There is a key to the process of creating something in a comparison between the art of painting and of writing. In painting, and especially in watercolour, about which I know most, there can never be any question of the work proceeding automatically or by a process of hallucination. The concentration required is terrific. The co-ordination and interaction of eye, brain and hand — the registration of the thing seen and its transference to paper or canvas — is such a practical, almost prosaic activity that magic never comes into it (though sheer accident, especially in watercolours, may play a part). At the end of the operation, when the work is done, there can never be any doubt in the painter’s mind about how it was accomplished. At least that is my experience, and that of all the artists with whom I have discussed it.

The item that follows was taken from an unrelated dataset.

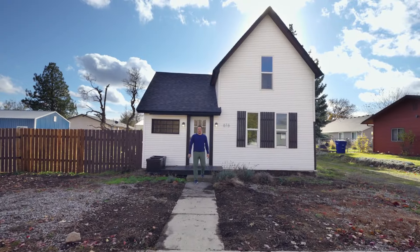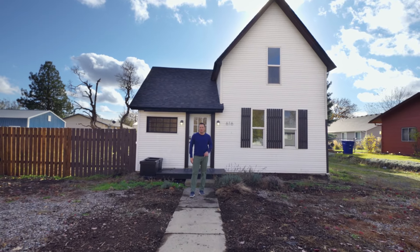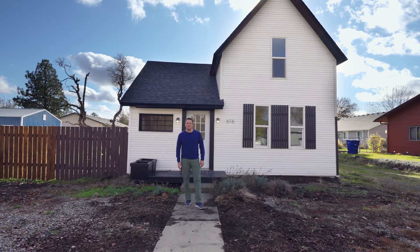Hi, I'm Shane Bango with the MANA Group, and if you've been looking for an adorable bungalow in Medical Lake, this one's for you. Welcome to 616 East Lake Street.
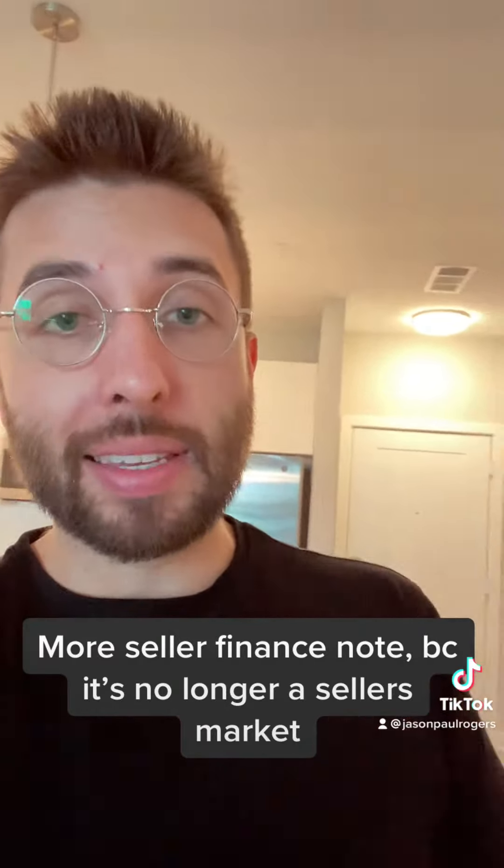Last but not least, you don't have to raise that 5% in cash. It doesn't have to be your own cash. You can raise that from an investor. Follow my page to learn more about how to do that.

With writing, however, there are mysteries. I have been a writer for over half a century (my first professional printed piece goes back to 1949), and I have published tens of millions of words. But my memory of how most of them were written is dim or non-existent, even when I have kept in their entirety the notes connected with the work. For instance, when I sit down to write one of these weekly essays for The Spectator, I have a distinct knowledge of the subject I am to treat, and usually a detailed idea of the first paragraph or so. But by the time this section is complete, the creative machinery (if I may call it that) is humming, rather like the engine of an aircraft, the essay takes off, and it is fuelled by all kinds of half-remembered or vivid incidents and points from reading, experience and past visions, and navigated by the expertise (I do not call it wisdom) born of long practice. Is this like switching to automatic pilot? It may be so. At the end of two hours, the time it usually takes, the thing is finished, and it is not quite clear to me how the words got on to the paper. I once asked Aneurin Bevan about the creation of his speeches, which were truly marvellous to hear (there’s nothing like them now). ‘Oh, I tug the thoughts about in my mind, and at the appointed time the words march into my mouth. I never fear. The words come.’